Anti Trolling or Pro Litigation

Is old rhetoric or public good driving the latest batch of bills proposed by the Morrison LNP government.

The government’s anti-trolling laws are shaping up to be the cornerstone upon which the Morrison Liberal government runs it’s 2022 election campaign. These laws however seem to solely focus on the ability to litigate defamation cases rather than actually tackle online trolling for the everyday Aussie.

The reforms will give victims of defamatory online comments two ways to unmask trolls and resolve disputes.

Prime Minister & Attorney General Media Release

In the above media release there are 12 references to defamation and defamatory comments as the target of the new law. This appears to be at odds with the generally held consensus of what online trolling actually is. Even the Prime Minister himself described the offending online behaviour as “… anonymously going around, and harm people and hurt people, harass them and bully them and sledge them. That’s not Australia[n].”, in this interview on the ABC. However the media release has zero references to online harassment or abuse, initially I thought this was because the ability to reconcile this in a legal sense would have no precedent but that isn’t the case at all.
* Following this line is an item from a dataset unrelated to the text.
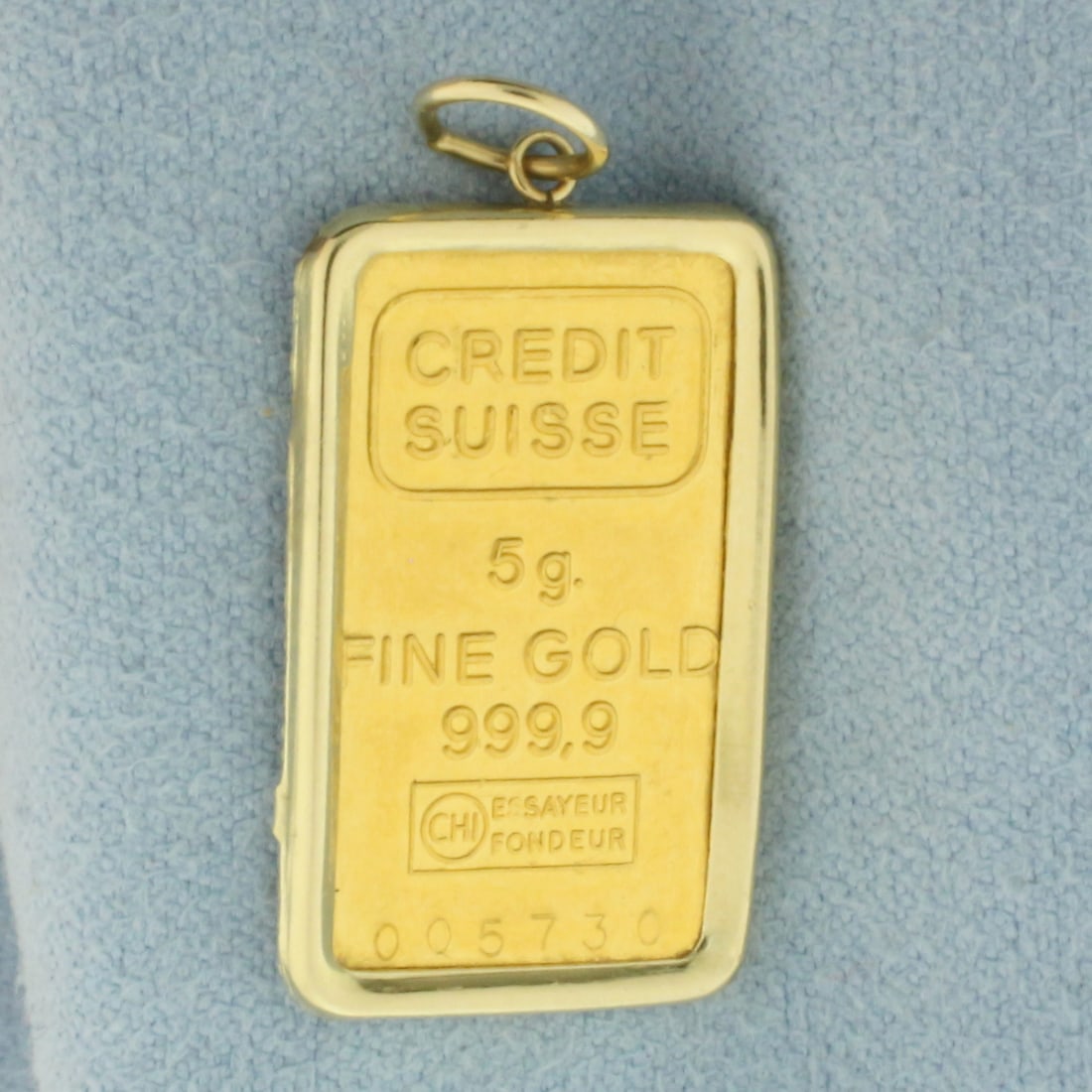 Credit Suisse Gold Bar Charm or Pendant in 14K Bezel: Bezel is 14k gold. Contains 1 Credit Suisse 5g gold bar (.9999 pure gold). Measures 1.125 inches long (including jump ring) by 0.5 inches wide. 5.5g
Harassment, bullying and abuse have very well documented parameters in terms of legal prosecution, surely if the new law can target defamation it could also include these equally if not more severe cases.

This bill along with the religious freedom act seem, in my personal opinion, to be a desperate last ditch effort of a flailing political party to inflict old and often outdated rhetoric onto a populace that is tired of being ignored. Finally able to speak their mind directly to those who purport to represent the community as a whole, everyday people now have the capacity to voice their critique and opinion of officials on how they conduct themselves whilst holding public office.

When we speak truth to power we are ignored at best and brutally suppressed at worst.